Negative effects of taking cannabis
- It may make you feel faint or sick
- It can make you sleepy and lethargic
- It can affect your memory
- It makes some people feel confused, anxious or paranoid, and some experience panic attacks and hallucinations
- It interferes with your ability to drive safely
Source: NHS Choices
In some cases cannabis can increase anxiety and paranoia, lead to confusion and even hallucinations, according to the Royal College of Psychiatrists.
There is also “compelling evidence” that regular cannabis use increases the risk of developing psychotic illnesses, such as schizophrenia, particularly in adolescents, according to Dr Marta Di Forti, from King’s College London.
Writing in the Telegraph newspaper, Lord Hague says that as far as cannabis is concerned “any war has been comprehensively and irreversibly lost”.
“The idea that the drug can be driven off the streets and out of people’s lives by the state is nothing short of deluded,” he writes.
“Surveys of young people attest that they find it easier to purchase cannabis than virtually anything else, including fast food, cigarettes and alcohol.”
Statistics from NHS Digital have recently found secondary school children in England are more likely to have tried drugs than cigarettes.
The research, published in November, interviewed 12,051 pupils in 177 schools in the autumn term of 2016.
Analysis of the results showed 24% of the 11- to 15-year-olds interviewed said they had tried recreational drugs at least once in their lives – a nine percentage point rise on the last survey conducted in 2014.
‘I love the way it makes me feel’
Darren (not his real name), now 24, has been smoking cannabis since he was 13.

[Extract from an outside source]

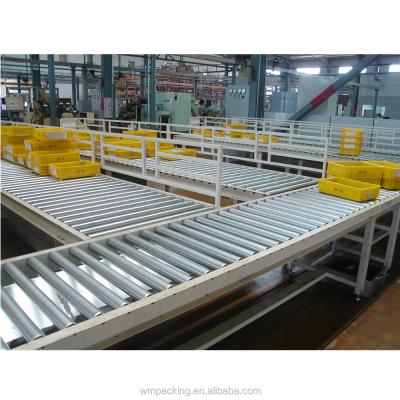 China Heat Resistant Powered Pallet Roller Conveyor For Automatic Production Lines And Dynamic Storage for sale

“After a busy day at work, you go home and light up and it just relaxes the mind, the body. And, all of a sudden, everything’s OK,” he says.

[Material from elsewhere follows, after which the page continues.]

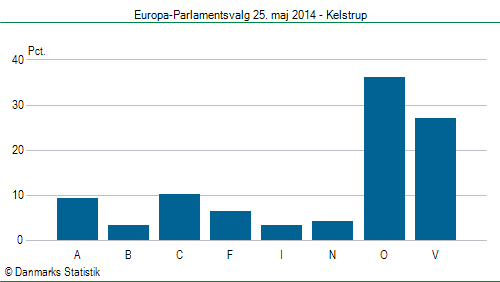 Europa-Parlamentsvalg søndag 25. maj 2014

“I love the way it makes me feel relaxed.”
Darren agrees with Faye that many young people see cannabis as the safer option to drinking alcohol.

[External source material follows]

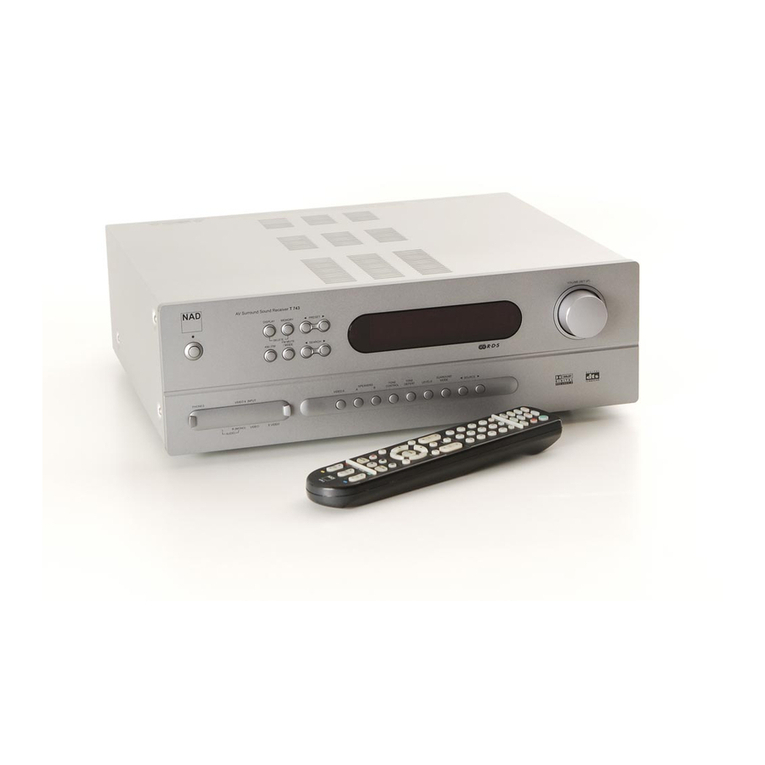 NAD T743 owner's manual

“You hear how alcohol can kill, cause liver damage, affect your speech,” he says. “People lose limbs and life by doing silly things.
“But you don’t hear that so much about weed. So, it sounds like a softer option – ‘I’m getting a buzz, but I’m not going to die.'”
Darren admits that smoking cannabis may have had a detrimental affect on his exam grades and general achievement.
“I’ve done great. But maybe I could have done better? That’s the conflict I have daily with smoking weed,” he says.
“It’s lovely in the moment. But then the guilt kicks in an hour later.
“And it’s costly. And it makes me lazy, sometimes.”
‘More normalised now’
But Darren says that, whatever the positives or negatives of cannabis, the idea of its use being confined to seedy pubs and clubs is far from reality.
“You walk out of work or the shopping centre and there are people who sell weed and they’ll have no issue approaching you,” he says.
“It’s much more normalised now. People think of it as teenagers on the street corner – but it goes far beyond that, I know.
“There are mothers out there smoking it. There are grandparents, police officers, teachers.”
Faye adds: “It’s not just school kids – it stretches far beyond the people you think would do drugs.”
She believes the taboo around the use of cannabis for private recreational use should be challenged.
“I did some ecstasy because they’re cheap – but now I do cannabis,” Faye says. “It’s a treat. It’s not something I do regularly.
“I just think we need to stop judging people, at the end of the day.”